How to scrape a million pages?

Scraping a million pages made me realize that a million pages is not that much, but it still requires some design decisions. In this conceptual post, I present the architecture of my scraper-crawler whose purpose is to discover pages and fetch and process them.

This is useful when you want to extract information of many pages at once. For instance, you want to extract all metadata of tracks out of a music provider or to download the wikipedia corpus. A related but different problem is when you revisit identical targets on a schedule, for instance if you want to follow the updates of plane ticket prices.

System objective

Web pages and their hyperlinks form a directed graph in which pages are nodes and links are edges.

The goal for our scraper-crawler is to walk the graph and harvest desired data.

High-level system architecture

Simply put:

Scraper = parser + crawler + fetcher (+ storage)

Our scraper starts at an origin page and works recursively, discovering new links and following the relevant ones.

The parser turns an html page into structured fields that ought to be extracted. It then emits discovered URLs that give potential future directions for harvesting.

The crawler scores and queues URLs with priorities: it schedules the nodes of the frontier to visit.

The fetcher commits the move by executing the HTTP request and feeding the documents to the parser.

We need to store the raw pages (html cache), the structured database of parsed recored and the crawl queue.

Let’s examine more closely these three components.

Parser

Used to be the most tedious task, but it is now alleviated by LLMs. Its role is to turn a single html page into one or several database rows.

The input content is organized into div tags with class and id attributes that should correspond to certain semantics. Standard choice is using BeautifulSoup with the methods .select_one() and .select() to process CSS hierarchy paths ( .playlist > a.track_title) and .get() to fetch html attributes.

You need to program the filtering and extraction logic on the content syntax, using regex. I feel like regex used to be fun to write as long as you didn’t have too many of them, but now I don’t see the point of writing regex yourself since you can kindly ask any LLM to do it for you. I still believe it’s a good mental exercise and the underlying theory of finite automata is quite interesting.

Parsing failures should be logged.

Crawler

The crawler organizes newly discovered links into a priority queue. This prioritization is very important, it reflects the logic of the goal of the scraping.

Indeed, our scraper should follow paths that lead to resources that we want to harvest, and many links should be ignored or be taken only to land an area of interest (thus skipping the exploration of many of their children).
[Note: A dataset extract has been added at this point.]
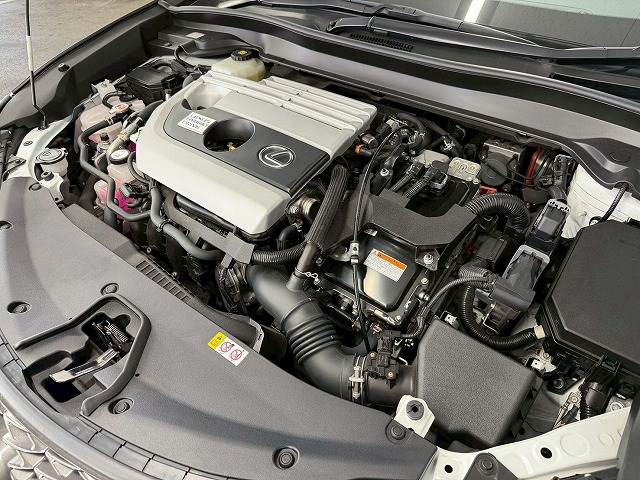 レクサス UXの画像18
The crawler writes to a priority queue that should likely be stored on disk and not in memory such that it is easy to stop and resume the job. It should keep the set of visited node hashes to prevent re-fetching.

Fetcher

The fetcher is in charge of the requests, ie it is the part that communicates with the servers. To do so, it gets the top priority item of the crawler and execute the http request. It is in charge of managing the potential errors, especially the 4xx errors that indicate a client-side problem. Implementing an exponential-backoff algorithm with jitter (ubiquitous in networking) might help resolve some 429 “Too many requests” errors.
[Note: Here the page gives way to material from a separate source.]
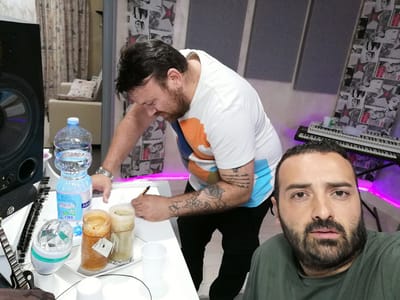 in fase di composizione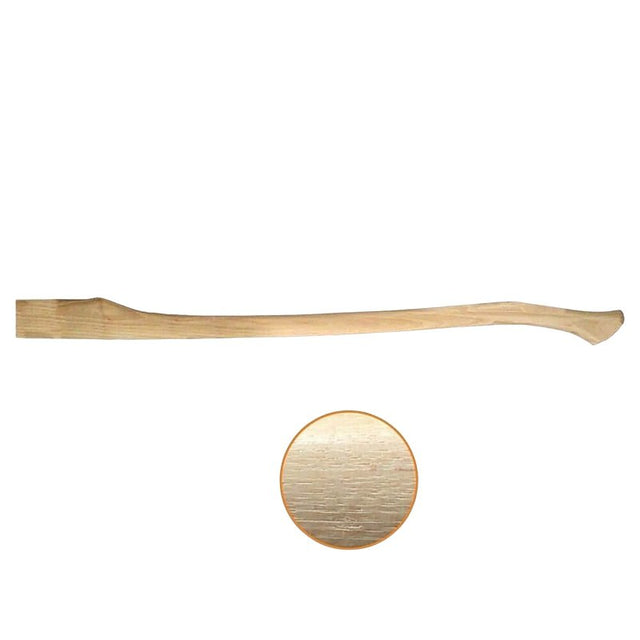 Link Handles 64703 Axe Handle, 36 in L, American Hickory Wood, Natural Wax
An important task here is to log errors so you’re able to react.

The base fetching frequency should be controlled (rate limit). 1 second was enough for my task.

Storage

The choice of storage is not very important as long as you don’t aim for concurrent writes. I kept things minimal and used sqlite, writing to different tables in a single .db file. I regularly copied it locally and inspected the database with some sql queries of interest.

Further development advice

I rented an aws ec2 with 1GB of memory and 128GB of disk to have he scraper running 24/7. Tunneling on VSCode does not work but fortunately I am fluent enough in vim to fix some minor bugs.
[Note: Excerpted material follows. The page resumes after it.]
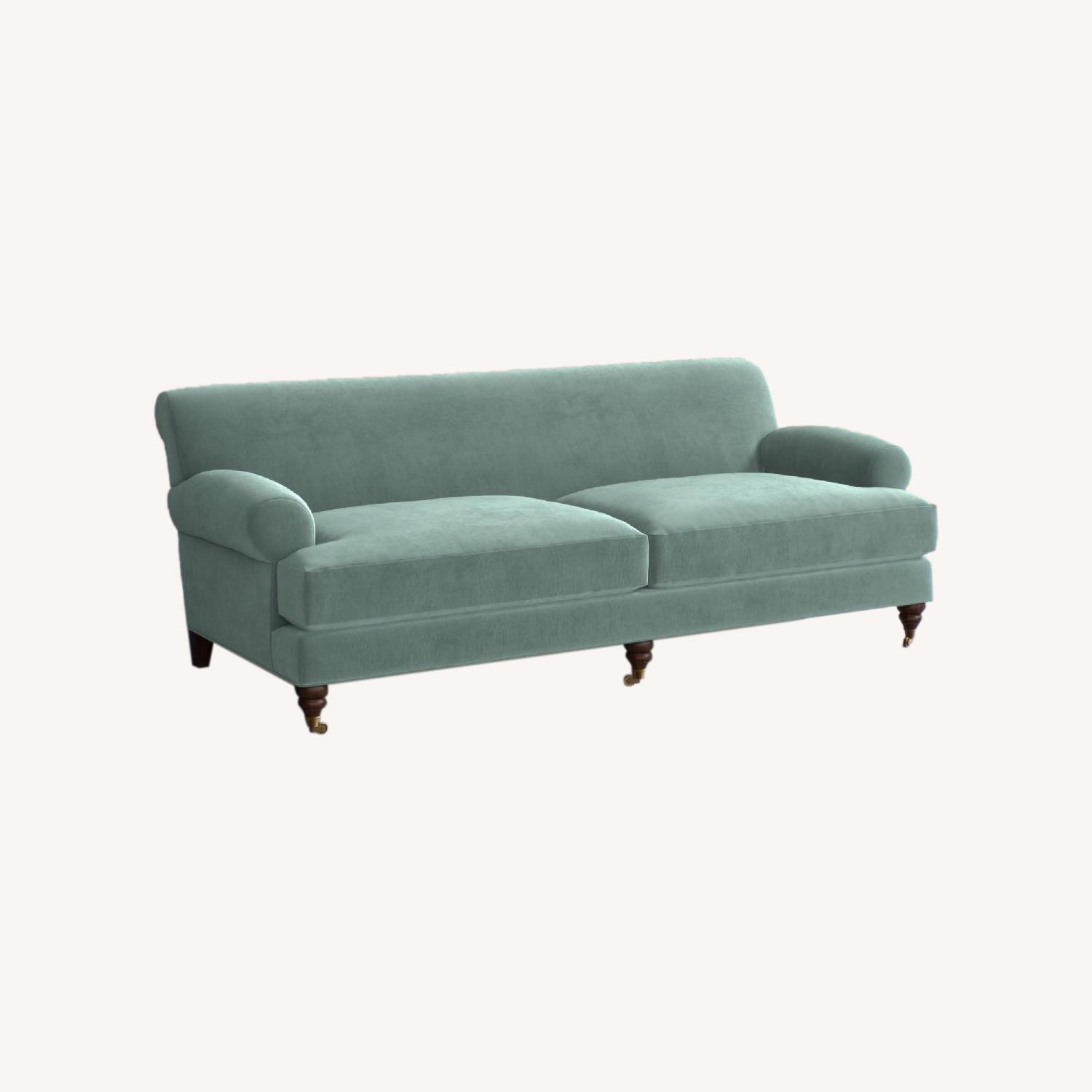 Anthropologie Sofa - image-0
I wrapped the scraper in a small CLI that would make it easy to stop and resume the job.

Rotating proxies might be needed after 10-100k requests. You can find or buy proxies online. Other methods that can hide your identity exist.

Throttling requests remain important or you might get a 429 error and get ip banned.

Iteration is important because as you start filling the database you might notice some parsing errors or a crawl schedule that does not seem right. If raw html pages are cached then filling a new db schema is easy.

To scale, you could split components into async workers.

I suspect there are many errors I have not encountered because the website I was scraping was very simple.

Conclusion

I presented the conceptual architecture of a system I just developed. I just wanted to quickly write-up about it before moving on to more interesting parts of this project.